El espectáculo al que asistimos en estos días se presta a múltiples valoraciones e interpretaciones. Quienes respaldan el órdago soberanista cargan las tintas contra el Estado, al que niegan su condición de Estado democrático y de derecho, y se arrogan la posesión indisputable de la voluntad popular. Los que se oponen al soberanismo lo tildan de golpista y se aferran, por encima de cualquier otra consideración, a la preeminencia de la ley que el Govern de Cataluña ha decidido ignorar e infringir. Que el independentismo catalán cuenta con un apoyo popular nada desdeñable (otra cosa es que sea suficiente para sus propósitos) resulta evidente; también lo es que con su apuesta por desconocer las leyes, y suplantarlas por otras a su medida, se ha instalado en el cenagoso terreno de la antijuridicidad.

Pero hay una evidencia más relevante, y que nos remite a una pregunta fundamental.
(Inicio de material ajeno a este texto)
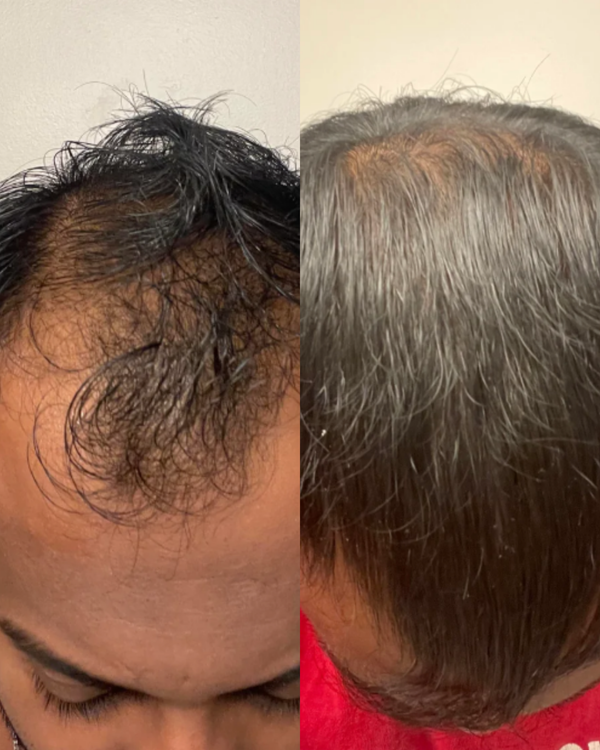 Suero Romero para el crecimiento del cabello Evivor™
La evidencia es que el edificio constitucional español, el sistema de normas e instituciones al que hemos encomendado la ordenación y el desarrollo de nuestra convivencia, acaba de registrar una disfunción morrocotuda: no otra cosa es que el gobierno que tiene encomendada la administración de los asuntos del 16 por ciento de la población se haya acabado situando al margen de la legalidad y exhorte a ciudadanos y autoridades a secundarlo. Y la pregunta es cuándo y cómo se propició semejante seísmo; qué o quién falló para que pudiéramos llegar a este desastre que ya lo es, aun si los mecanismos del Estado de derecho acaban finalmente controlándolo.

Entre el independentismo es lugar común cargar la culpa a la sentencia del Tribunal Constitucional que limó un Estatut aprobado por las Cortes y por los catalanes, previo recurso de inconstitucionalidad presentado por un PP que antes y después de él se ha encerrado en el inmovilismo. En muchos sectores de la opinión pública española se imputa el estropicio, sin más, al aventurerismo deshonesto, irresponsable e insolidario de los políticos catalanes nacionalistas. Ambos reproches contienen algo, o mucho, de verdad, pero probablemente no agotan la realidad oscura y amarga que emerge estos días, entre diputados que hacen numeritos con impresoras, fiscales que presentan querellas, guardias que requisan papeletas y vecinos airados que llaman cobardes o botiflers a los alcaldes que no quieren incumplir la constitución que prometieron guardar y hacer guardar.

Algo estaba apenas cogido con alfileres en la componenda a la que se llegó en 1978; una muy meritoria solución de circunstancias, pero que no ha resistido el siempre inexorable paso de los años, el afán de cada cual por llevar el agua a su molino y, en última instancia, el zapatazo de la crisis de 2008, zanjada de una manera que ha erosionado la adhesión al sistema y ha dado munición abundante a sus enemigos. La que nos ocupa era una disfunción más que anunciada. Ahora todo es emergencia.